En réponse à Eric Ciotti, des députées LFI arrivent cravatées à l'Assemblée

Capture d'écran du compte Twitter de Mathilde Panot - Twitter

Mathilde Panot, Clémentine Autain ou encore Bénédicte Taurine sont arrivées en portant une cravate aux questions au gouvernement ce mardi après-midi. La manœuvre vise à répondre à Éric Ciotti qui demandait le retour de son port obligatoire.

Après la lettre d'Éric Ciotti à Yaël Braun-Pivet, la présidente de l'Assemblée nationale, demandant le retour de la cravate obligatoire dans l'hémicycle, les femmes députées de la France insoumise arrivent ce mardi après-midi cravatées.

Parmi les participantes à ce happening quelques minutes avant les questions au gouvernement, on compte notamment Mathilde Panot, la présidente du groupe LFI-Nupes.

"Pied de nez" pour Clémentine Autain

"Quand un certain nombre de femmes s’expriment dans l’hémicycle, il y a des remarques sur le fait que les voix sont trop hautes, que nous sommes mal habillées... Ils s’habitueront!", a lancé devant les journalistes la députée du Val-de-Marne et présidente de groupe.

Sa collègue, Clémentine Autain, y voit elle "un pied de nez" aux critiques tandis que Clémence Guetté, se demande si elle doit être cravatée, "comme la droite le demande, pour être respectée".

Face au "relâchement vestimentaire" important depuis "le début de cette nouvelle législature, déjà présent sous la précédente", "mais grandement amplifié", le député LR compte, lui, sur le retour du port de la cravate dans le règlement de l'Assemblée nationale.

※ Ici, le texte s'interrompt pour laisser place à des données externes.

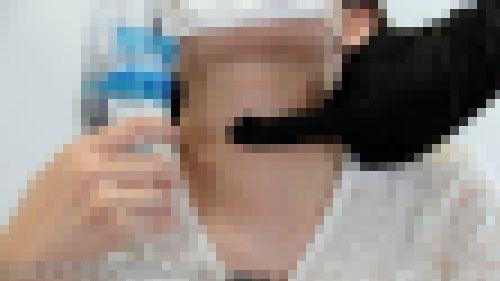 喉フェチAV 食べ物や飲み物を飲み込んでる時の首の動き サンプル画像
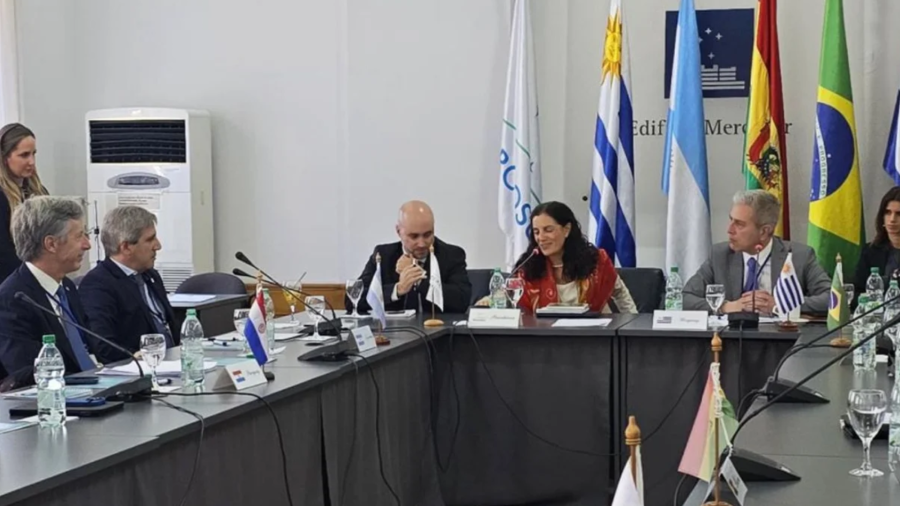 EN MONTEVIDEO. Caputo con sus pares de pa&iacute;ses del Mercosur.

Depuis 2017, elle n'est plus obligatoire à l'Assemblée nationale. Avant, un huissier pouvait empêcher les députés d'accéder à la séance en l'absence du précieux accessoire.

"Une question loin d'être anodine" pour Louis Boyard

Cette demande n'a guère été du goût de Louis Boyard, le plus jeune député métropolitain et lui aussi insoumis.

"Porter des costumes aux prix exorbitants (...) témoigne d'un luxe indécent au regard de l'explosion de la pauvreté dans notre pays", a fustigé l'élu dans une lettre adressée également à la présidente du Palais-Bourbon.

"Les costumes des députés dont le prix excède parfois même le montant d'un Smic renvoient une image déplorable de notre Assemblée", avance encore le député dans son courrier.

La cravate, toujours vu comme un signe de respectabilité

La demande d'Éric Ciotti a d'autant moins été appréciée que le même jour, Renaud Muselier, le président de la région Provence-Alpes-Côte d'Azur avait jugé les députés de gauche "sales et débraillés" sur BFMTV.


Preuve que le sujet reste sensible et que la cravate reste vue comme un signe extérieur de sérieux : Marine Le Pen a demandé à ses 88 députés de porter la cravate pour leur premier jour à l'Assemblée nationale fin juin.

Article original publié sur BFMTV.com

VIDÉO - Renaud Muselier dénonce un "problème de comportement" chez LFI, avec une gauche "sale, débraillée et qui crie partout"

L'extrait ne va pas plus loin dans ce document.